Conforme decorre do supra exposto, as correcções relativas ao enquadramento jurídico das transferências da sede para a sucursal em Portugal na taxa normal de IVA, não são de manter.
Importa, assim, concluir que as prestações de serviços de alojamento hoteleiro aos membros do Clube, pela Impugnante, por terem as mesmas características das prestação de serviço aos não-sócios e por as transferências da sede se destinaram a remunerar esses serviços, devem ter enquadramento nos termos da verba 2.17 da lista anexa ao CIVA.”

Ora, atentando na posição expressa do Tribunal a quo vertida nos seus excertos mais relevantes, e tendo presente o probatório em contenda-não impugnado-ter-se-á de concluir que nenhuma censura merece o juízo de procedência que é contestado pela Recorrente.

Senão vejamos.

Atentando no Relatório de Inspeção Tributária-o qual, desde logo, não corresponde ao excerto constante no ponto 14 das alegações de recurso- constata-se que a AT fundamentou a correção sub judice na circunstância de que “[o] estabelecimento estável emitiu à Casa-Mãe facturas relativas a “prestações de serviços de alojamento”, nas quais procedeu à liquidação de I.V.A. à taxa reduzida.
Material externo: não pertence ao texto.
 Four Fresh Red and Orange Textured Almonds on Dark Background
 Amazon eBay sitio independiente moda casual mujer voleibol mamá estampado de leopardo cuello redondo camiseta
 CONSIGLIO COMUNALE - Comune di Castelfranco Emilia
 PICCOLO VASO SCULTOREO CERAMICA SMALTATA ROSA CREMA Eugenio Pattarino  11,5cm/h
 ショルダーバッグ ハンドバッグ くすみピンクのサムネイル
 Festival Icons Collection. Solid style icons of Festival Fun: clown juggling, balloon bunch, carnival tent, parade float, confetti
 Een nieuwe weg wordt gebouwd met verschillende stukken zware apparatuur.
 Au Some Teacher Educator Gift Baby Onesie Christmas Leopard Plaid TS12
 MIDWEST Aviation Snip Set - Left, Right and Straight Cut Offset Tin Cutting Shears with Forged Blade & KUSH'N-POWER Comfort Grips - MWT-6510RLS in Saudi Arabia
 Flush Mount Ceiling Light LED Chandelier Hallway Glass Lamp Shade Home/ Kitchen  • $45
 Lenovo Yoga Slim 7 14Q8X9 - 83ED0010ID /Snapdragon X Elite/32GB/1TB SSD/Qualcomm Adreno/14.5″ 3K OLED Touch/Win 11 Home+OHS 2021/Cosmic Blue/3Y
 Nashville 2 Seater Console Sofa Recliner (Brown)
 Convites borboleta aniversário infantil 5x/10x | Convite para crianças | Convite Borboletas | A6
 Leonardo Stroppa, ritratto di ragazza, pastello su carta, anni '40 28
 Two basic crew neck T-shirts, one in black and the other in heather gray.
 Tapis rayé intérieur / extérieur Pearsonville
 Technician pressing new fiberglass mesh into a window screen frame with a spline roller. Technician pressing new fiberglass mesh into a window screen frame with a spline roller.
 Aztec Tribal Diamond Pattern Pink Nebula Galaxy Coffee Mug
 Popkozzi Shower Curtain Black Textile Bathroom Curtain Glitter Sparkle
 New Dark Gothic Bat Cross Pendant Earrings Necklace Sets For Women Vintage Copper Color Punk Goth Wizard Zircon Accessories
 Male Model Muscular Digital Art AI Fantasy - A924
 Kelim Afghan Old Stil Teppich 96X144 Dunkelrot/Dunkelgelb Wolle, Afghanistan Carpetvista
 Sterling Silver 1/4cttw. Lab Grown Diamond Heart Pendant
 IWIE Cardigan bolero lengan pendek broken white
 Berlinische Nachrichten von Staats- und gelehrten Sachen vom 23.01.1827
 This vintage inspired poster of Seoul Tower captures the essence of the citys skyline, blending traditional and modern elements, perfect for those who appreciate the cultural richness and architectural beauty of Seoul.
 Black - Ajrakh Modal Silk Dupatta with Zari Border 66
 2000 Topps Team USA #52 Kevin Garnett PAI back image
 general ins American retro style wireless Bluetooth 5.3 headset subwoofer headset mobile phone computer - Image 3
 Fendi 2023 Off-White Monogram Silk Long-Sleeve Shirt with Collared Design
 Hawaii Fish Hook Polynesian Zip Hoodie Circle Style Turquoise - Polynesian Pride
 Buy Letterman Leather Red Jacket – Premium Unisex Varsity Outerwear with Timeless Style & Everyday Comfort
No entanto, a razão principal da existência do estabelecimento estável é a administração do empreendimento, e não a prestação de serviços de alojamento, uma vez que estes foram adquiridos pelos membros do clube no momento em que adquiriram esse estatuto.”

Concluindo, assim, que “as transferências efectuadas pela Casa-Mãe correspondem às verbas necessárias à administração do empreendimento, pelo que os valores em causa enquadram-se no conceito residual de prestações de serviços previsto no nº1 do Art.º 4º do CIVA e desta forma sujeitas à taxa normal”.

Porém, sem razão.

Com efeito dimana do probatório que a Recorrida é uma sucursal da sociedade “F..... Limited”, cujo objeto social consiste na exploração dos serviços de apoio integrados no complexo turístico privado, instalado no aldeamento turístico de primeira categoria sito na ......

Tendo, nessa conformidade, sido celebrado um contrato promessa de arrendamento entre a Casa Mãe e a Recorrida no qual a primeira outorgante declara prometer arrendar à segunda outorgante o empreendimento turístico designado “FF.....”, pelo período de 2 anos, renovável.

Em resultado da aludida outorga, a Recorrida explora o aludido Aldeamento Turístico, no qual são prestados serviços de alojamento, restauração e de recreio a membros do Clube e a não sócios.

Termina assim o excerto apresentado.